Todos tienen la boca entreabierta, quizás en el último intento de jalar otra bocanada de aire; todos conservan abiertos los ojos, inexpresivos como siempre, más opacos que nunca. Los veló la muerte, doblemente misteriosa en medio del silencio, la otra corriente por donde siempre se deslizan los peces; tristes barquitos de papel.
II. Curso de alfabetización
Pedro tiene fama de loco. El motivo es que, vaya adonde vaya, nunca interrumpe la conversación que sostiene consigo mismo. Adquirió la costumbre de mantener ese extraño monólogo desde que se percató de que era el último hablante de una lengua que aún no se escribe, sólo se canta. Si él la olvida, de esa lengua no quedará una sola palabra, ni siquiera un rumor.
A Pedro no le preocupa darse cuenta de que, por el resto de su vida, no tendrá a quién contarle sus aventuras, ni con quién compartir sus recuerdos, asombros, temores secretos y sueños. A cambio de esa tranquilidad lo atormenta saber que, a la hora de su muerte, no habrá quién lo despida ni diga una plegaria en su lengua. Esa es la razón de que todas las tardes, luego de terminar las tareas que le encomiendan sus vecinos a cambio de comida y mínimas propinas, corra a la iglesia para convencer al párroco de que le permita enseñar a sus Santos Patronos las palabras que aprendió desde niño; de otra manera, esa lengua cantada por generaciones quedará para siempre escrita en el olvido.
III. Al vuelo
Cada mañana, al sobrevolar mi casa, tengo la impresión de que la parvada deja caer en mi patio fragmentos del paisaje de mi tierra, reflejos de la luz que ilumina mi infancia, la fronda de aquellos árboles que fueron compañeros de juego, la transparencia de noches decembrinas tachonadas de estrellas.
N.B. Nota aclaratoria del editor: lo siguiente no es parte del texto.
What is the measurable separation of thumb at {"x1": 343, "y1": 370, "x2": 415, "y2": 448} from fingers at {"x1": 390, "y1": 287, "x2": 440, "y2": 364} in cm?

En breves segundos, la parvada se aleja, y con ella se van los trozos de aquel paisaje, la luz, la infancia y también las noches decembrinas que aún tienen lentitud de procesión, tono de letanía y un dulce y delicado olor a ponche.
IV. La piedra y la flor
En todo se nota el abandono que agobia desde hace muchos años a ese viejo edificio con fachada de tezontle. Lo expresan, en especial, las yerbas silvestres que han brotado en el pretil de la azotea y las flores diminutas, apenas flores, que nacen en sus grietas. Con su belleza, inadvertida y silenciosa, nos recuerdan que aun en los momentos más amargos y difíciles, siempre nos salva algún bello recuerdo.
V. Una palabra
Aquella familia estaba en mejor posición que la nuestra; poseía todo lo que compra el dinero. Celebraban bautizos, primeras comuniones, cumpleaños, bodas, y los funerales eran tan suntuosos y abundantes en cuanto a arreglos florales, cortinajes, bocadillos y bebidas que los asistentes terminaban por olvidarse del muerto.
A pesar de todos sus privilegios, no envidiábamos a esa familia debido a que sólo nosotros teníamos en la casa un hermoso ángel sonriente, blanco luminoso; una emisaria de la Virgen de la Misericordia. Me refiero a mi prima Otilia. En el documento en el que se detallan sus señas particulares sólo hay una palabra: “albina.”